From the start of operations in May 2009 until the middle of 2014, the calibration appears to be quite accurate and stable, with mean errors generally less than 2 dB. A possible exception is September/October 2012, when several comparisons suggests a negative offset of around 4–5 dB, although the sample sizes for these are small. The period August 2014–May 2015 shows more significant GR errors, with positive offsets of 3–4 dB during the first 3 months and negative offsets of 3–5 dB thereafter. There are no comparisons during June and July 2015 and only one each in August and September; however, toward the end of the year errors return to near zero.

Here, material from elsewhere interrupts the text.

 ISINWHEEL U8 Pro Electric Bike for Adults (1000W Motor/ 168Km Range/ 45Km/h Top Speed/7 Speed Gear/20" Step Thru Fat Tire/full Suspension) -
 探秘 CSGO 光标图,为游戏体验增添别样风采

While the VMM does not provide sufficiently precise estimates of GR reflectivity error to identify gradual changes in calibration associated with the degradation of radar hardware, it can pick out sudden jumps that may result from component failures or engineering activities. The problem is that suitable SR site overpasses are rarely frequent enough to determine the exact date of these changes. Fortunately, as discussed in section 2a, the BoM maintains records of all operational GR maintenance work. From these records, the dates of possible calibration changes were identified and used to group the GR–SR comparisons into periods ranging in length from a few weeks to around 18 months. The calibration error ϵ during each period is assumed to be constant and is calculated using the following iterative procedure:
Valid samples (i.e., those meeting criteria 1–3, above) comprising all GR–SR comparisons during the period are grouped, and the mean is computed as an initial estimate of ϵ.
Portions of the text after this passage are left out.